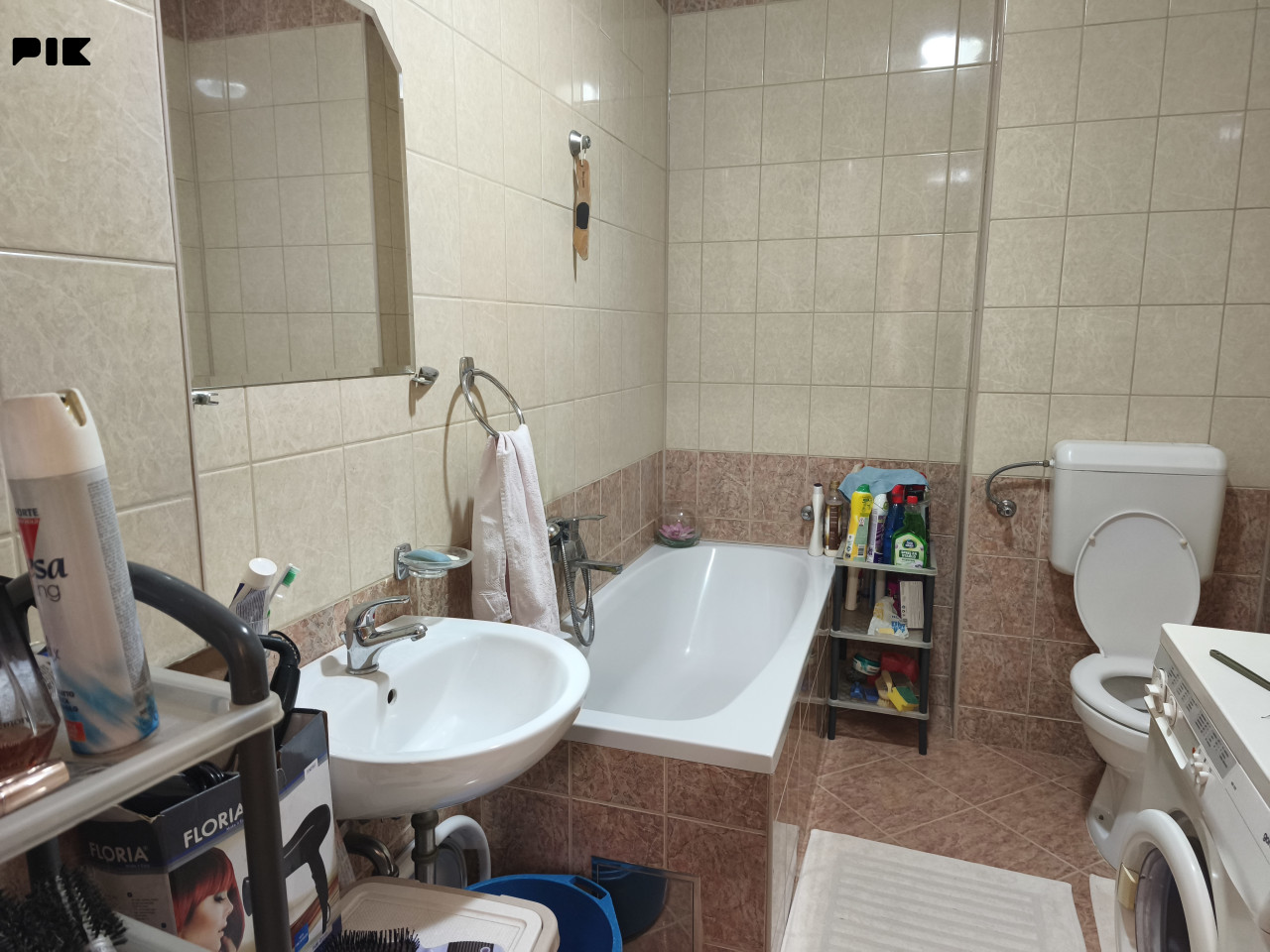 TROSOBAN STAN 50m2 ŽUTE ZGRADE - PETRIĆEVAC 5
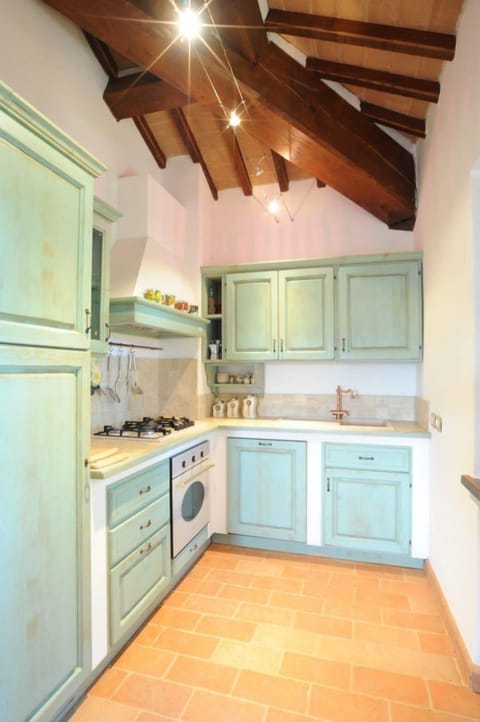 Superior Apartment | Private kitchenette | Fridge, oven, stovetop, coffee/tea maker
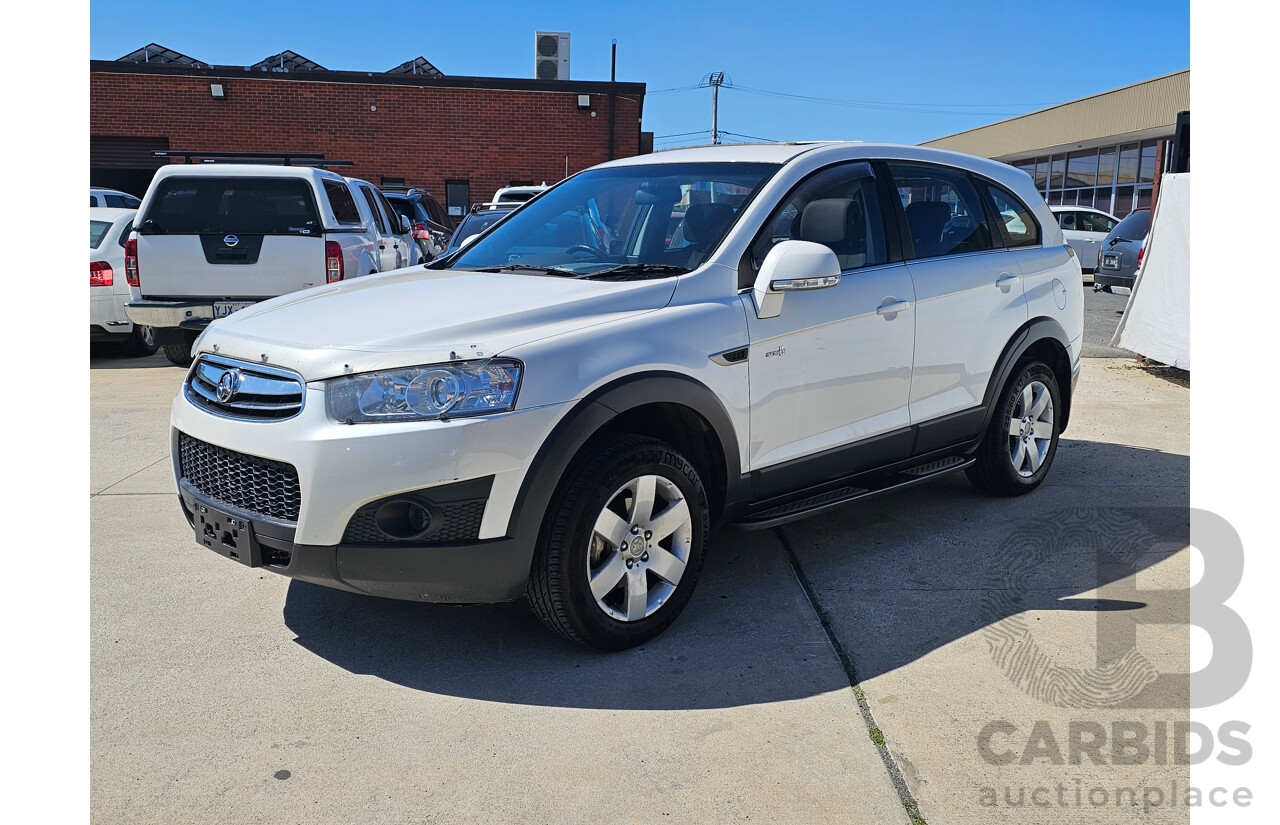6/2013 Holden Captiva 7 SX (fwd) CG MY13 4d Wagon White 2.4L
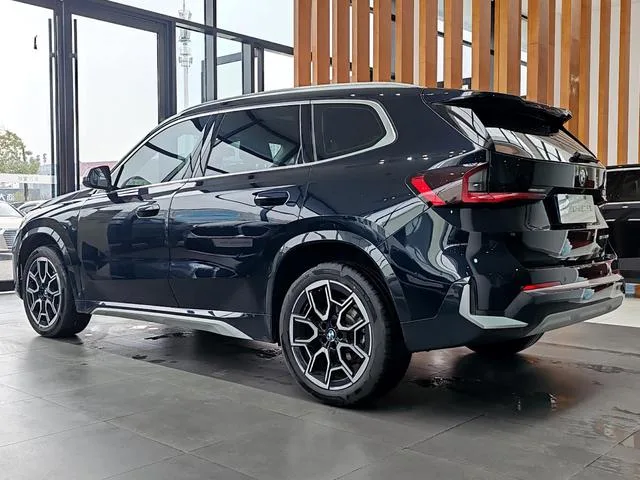 BMW X1 2023 sDrive25Li X Traje de diseño interior foto 12 BMW X1 2023 sDrive25Li X Traje de diseño interior foto 12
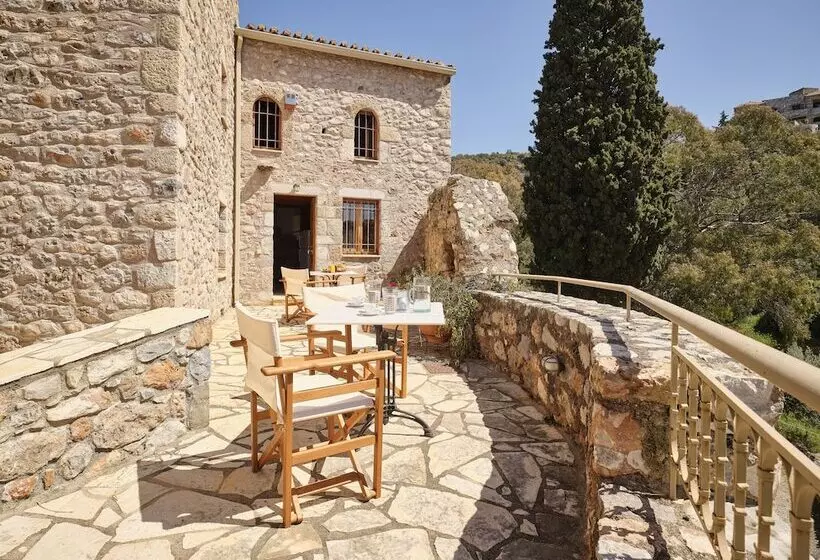 Majatalo Petreas Tower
+ + + + +
__Work to complete__. Strip the images and reproduce the remaining records precisely.

__Response for this exercise__.
 TROSOBAN STAN 50m2 ŽUTE ZGRADE - PETRIĆEVAC 5
 Superior Apartment | Private kitchenette | Fridge, oven, stovetop, coffee/tea maker
6/2013 Holden Captiva 7 SX (fwd) CG MY13 4d Wagon White 2.4L
 BMW X1 2023 sDrive25Li X Traje de diseño interior foto 12 BMW X1 2023 sDrive25Li X Traje de diseño interior foto 12
 Majatalo Petreas Tower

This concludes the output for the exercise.